La tesi accusatoria è vincente sulla tesi degli arrestati. Ma come si difendono i cinque arrestati? Il sortinese Innocenzio Pandolfo, ritenuto esponente del clan Nardo di Lentini, alla presenza del proprio difensore di fiducia, avvocato Junio Celesti, si è avvalso della facoltà di non rispondere ma ha reso una dichiarazione spontanea sostenendo di essere completamente estraneo alla vicenda denunciata dall’impresario di pompe funebri di Ragusa Carmelo Messina e si è riservato di presentare querela nei suoi confronti per averlo chiamato in causa.

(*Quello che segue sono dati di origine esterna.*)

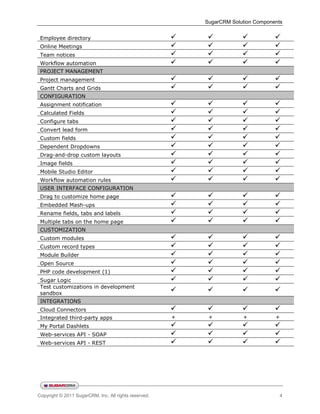 SugarCRM Solution Components


 Employee directory                                                              
 Online Meetings                                                                 
 Team notices                                                                    
 Workflow automation                                                             
 PROJECT MANAGEMENT
 Project management                                                              
 Gantt Charts and Grids                                                          
 CONFIGURATION
 Assignment notification                                                         
 Calculated Fields                                                               
 Configure tabs                                                                  
 Convert lead form                                                               
 Custom fields                                                                   
 Dependent Dropdowns                                                             
 Drag-and-drop custom layouts                                                    
 Image fields                                                                    
 Mobile Studio Editor                                                            
 Workflow automation rules                                                       
 USER INTERFACE CONFIGURATION
 Drag to customize home page                                                     
 Embedded Mash-ups                                                               
 Rename fields, tabs and labels                                                  
 Multiple tabs on the home page                                                  
 CUSTOMIZATION
 Custom modules                                                                  
 Custom record types                                                             
 Module Builder                                                                  
 Open Source                                                                     
 PHP code development (1)                                                        
 Sugar Logic                                                                     
 Test customizations in development
 sandbox
                                                                                 
 INTEGRATIONS
 Cloud Connectors                                                                
 Integrated third-party apps                           +    +           +           +
 My Portal Dashlets                                                              
 Web-services API - SOAP                                                         
 Web-services API - REST                                                         




Copyright © 2011 SugarCRM, Inc. All rights reserved.                                  4
 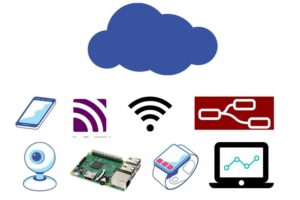 Practical IoT Concepts-Devices, IoT Protocols & Servers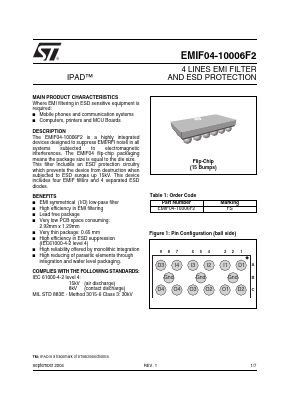 EMIF04-10006F2 Datasheet PDF STMicroelectronics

Il siracusano Johnny Pezzinga, assistito dall’avvocato Matilde Lipari, si è sottoposto all’interrogatorio di garanzia dichiarando di non conoscere nessuno dei cinque co-indagati, di conoscere di vista l’impresario di pompe funebri Messina perché ha aperto un’agenzia alla Borgata nei pressi dalla sua abitazione, di non avere avuto mai alterchi con lo stesso impresario di pompe funebri e ha negato di aver esploso i due colpi di fucile contro la porta d’ingresso della suddetta agenzia aperta dal Messina alla Borgata e di non avere posseduto un fucile con le canne mozzate. Johnny Pezzinga ha anche dichiarato di non essere affiliato al clan Santa Panagia e di essere all’oscuro che alla Borgata ci fosse un sodalizio mafioso. Lui sapeva che ne esisteva uno ma non sapeva che fosse stato ricostituito .

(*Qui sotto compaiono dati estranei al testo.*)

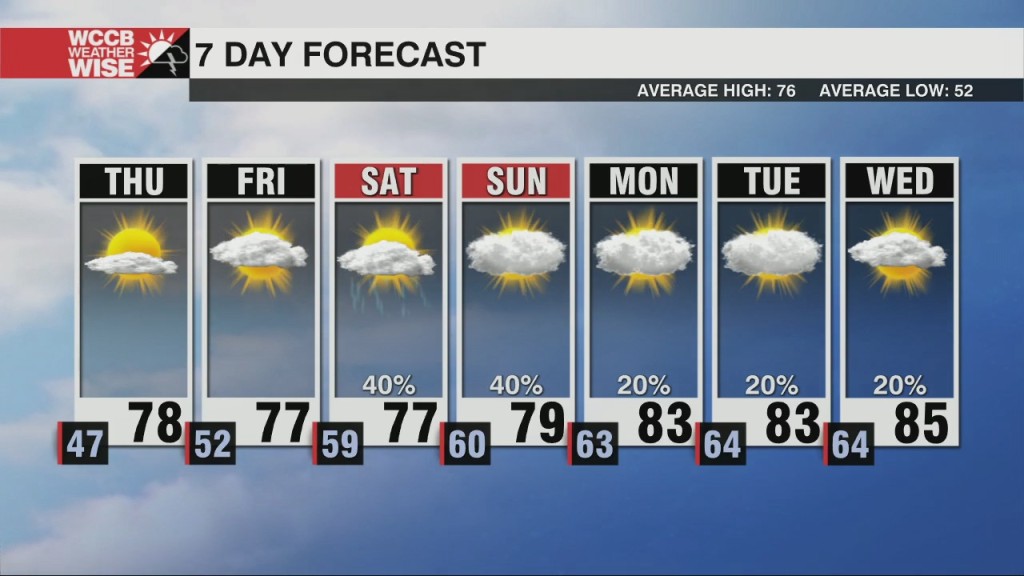 Rain Chances Return This Weekend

Angelo Briganti, difeso dall’avvocato Maria Dolores Caruso, l’impresario di pompe funebri di Sortino Antonino Inturrisi e Vincenzo Puglisi, assistiti entrambi dall’avvocato Corrado Amato, si sono avvalsi della facoltà di non rispondere.

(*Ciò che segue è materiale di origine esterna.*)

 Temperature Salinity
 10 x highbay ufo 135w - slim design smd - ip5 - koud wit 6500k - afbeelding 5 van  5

Le dichiarazioni del Pezzinga sono in contrasto con l’assunto investigativo dei Carabinieri. Nel rapporto redatto dai militari dell’Arma si afferma che la sera del 27 giugno 2020 il Pezzinga esplodeva due colpi di fucile all’indirizzo della porta d’ingresso dell’agenzia di pompe funebri del Messina sita a Siracusa. Per i Carabinieri il 22enne siracusano è uno dei cinque soggetti che avrebbero tentato di  impedire all’impresario di pompe funebri di aprire una agenzia a Sortino e un’altra nel capoluogo aretuseo. A opporsi tenacemente all’aperura dell’agenzia di Sortino del Messina pare sia stato Antonino Inturrisi, titolare di una ditta di pompe funebri nel paese noto nel mondo per la Pantalica. Per “persuadere” Carmelo Messina, a non realizzare il suo progetto di estendere la sua attività anche in provincia di Siracusa, Antonino Inturrisi si è rivolto a esponenti della criminalità siracusana i quali hanno iniziato a minacciare il Messina per dissuaderlo dall’aprire le sue agenzie non solo nel comune di Sortino ma anche nel capoluogo aretuseo. Una volta la vittima delle minacce è stata affiancata da una Bmw sulla quale prendevano posto cinque persone e quella che guidava la macchina gli ha detto che doveva sloggiare da Sortino altrimenti al cimitero sarebbe finita la bara con dentro il morto. In altre due o tre occasioni, ad essere minacciati sono stati due collaboratori del Messina, sorpresi mentre affiggevano alle bacheche i manifestini funebri, Eloquente la frase rivolta ai due attacchini: “Chi siete? Che ci fate qui? Ve ne dovete andare altrimenti può succedervi qualcosa…”. Non solo l’invito a lasciare l’abitato di Sortino, ma i cinque della Bmw di notte e di giorno passavano il loro tempo a ricoprire i manifesti della ditta Messina, o a strapparli o imbrattarli con lo spray. Il “tabbutaru” di Sortino Antonino Inturrisi  ha pure fatto pervenire al carcere di Brucoli una lettera al Sinatra affinché si adoperasse per convincete con le buone o con altri metodi il Messina a non aprire la sua agenzia a Sortino.

Nonostante le minacce verbali, gli atti di vandalismo e l’attentato intimidatorio alla sua agenzia della Borgata, a Siracusa, l’impresario Carmelo Messina non è arretrato di un millimetro e ha aperto regolarmente le agenzie a Sortino e nella città capoluogo. E il 27 maggio 2020 si è recato alla caserma dei Carabinieri e ha presentato la denuncia contro i sei indagati che hanno intimidito sia lui che i suoi più stretti collaboratori.